Would you transcribe each entry that follows word for word, minus the images?
___
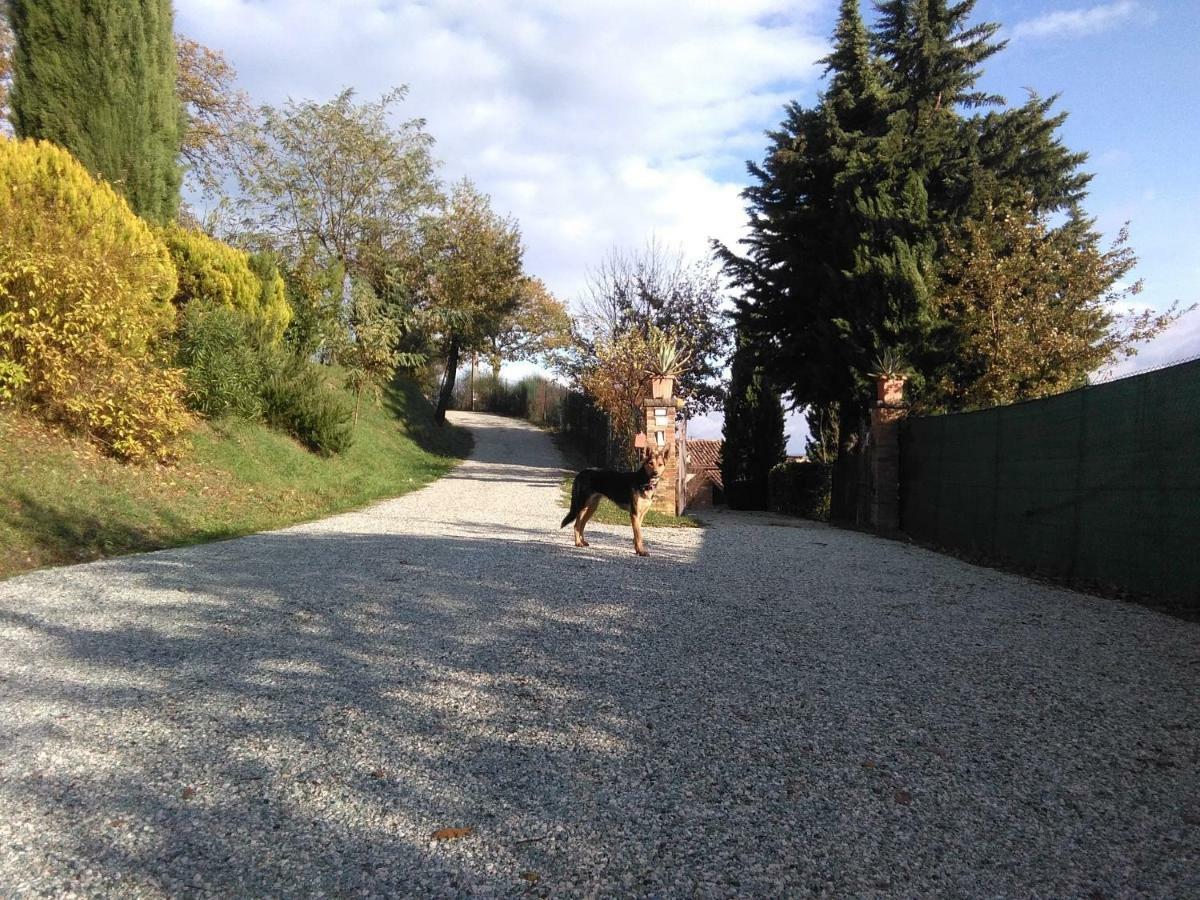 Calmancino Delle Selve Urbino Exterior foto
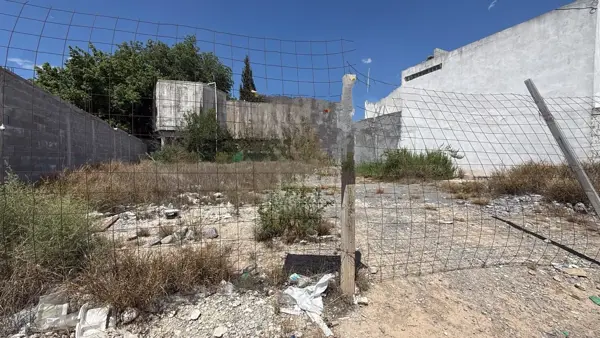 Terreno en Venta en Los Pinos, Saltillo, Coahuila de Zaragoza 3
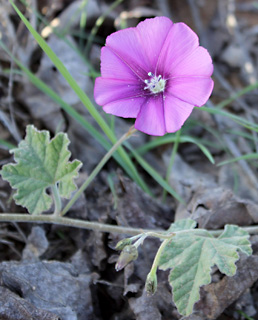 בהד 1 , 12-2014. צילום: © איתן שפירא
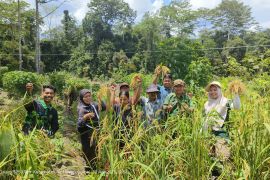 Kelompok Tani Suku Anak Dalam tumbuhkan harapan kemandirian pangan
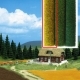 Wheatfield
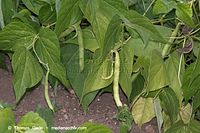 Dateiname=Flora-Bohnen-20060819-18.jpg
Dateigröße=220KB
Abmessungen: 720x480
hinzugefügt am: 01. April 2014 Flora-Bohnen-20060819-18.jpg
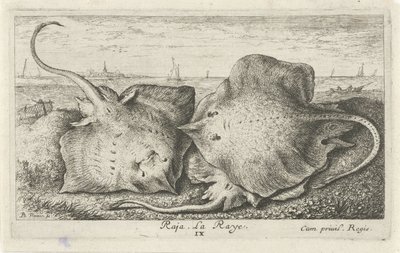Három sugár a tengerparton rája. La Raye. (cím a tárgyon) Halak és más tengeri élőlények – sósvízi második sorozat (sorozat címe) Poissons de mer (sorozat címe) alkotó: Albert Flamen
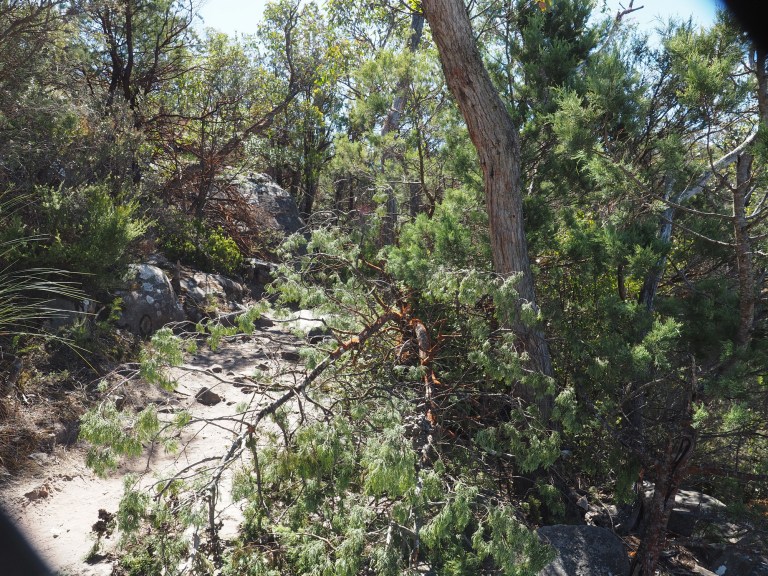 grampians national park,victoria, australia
___
» TASK RESPONSE
 Calmancino Delle Selve Urbino Exterior foto
 Terreno en Venta en Los Pinos, Saltillo, Coahuila de Zaragoza 3
 בהד 1 , 12-2014. צילום: © איתן שפירא
 Kelompok Tani Suku Anak Dalam tumbuhkan harapan kemandirian pangan
 Wheatfield
 Dateiname=Flora-Bohnen-20060819-18.jpg
Dateigröße=220KB
Abmessungen: 720x480
hinzugefügt am: 01. April 2014 Flora-Bohnen-20060819-18.jpg
Három sugár a tengerparton rája. La Raye. (cím a tárgyon) Halak és más tengeri élőlények – sósvízi második sorozat (sorozat címe) Poissons de mer (sorozat címe) alkotó: Albert Flamen
 grampians national park,victoria, australia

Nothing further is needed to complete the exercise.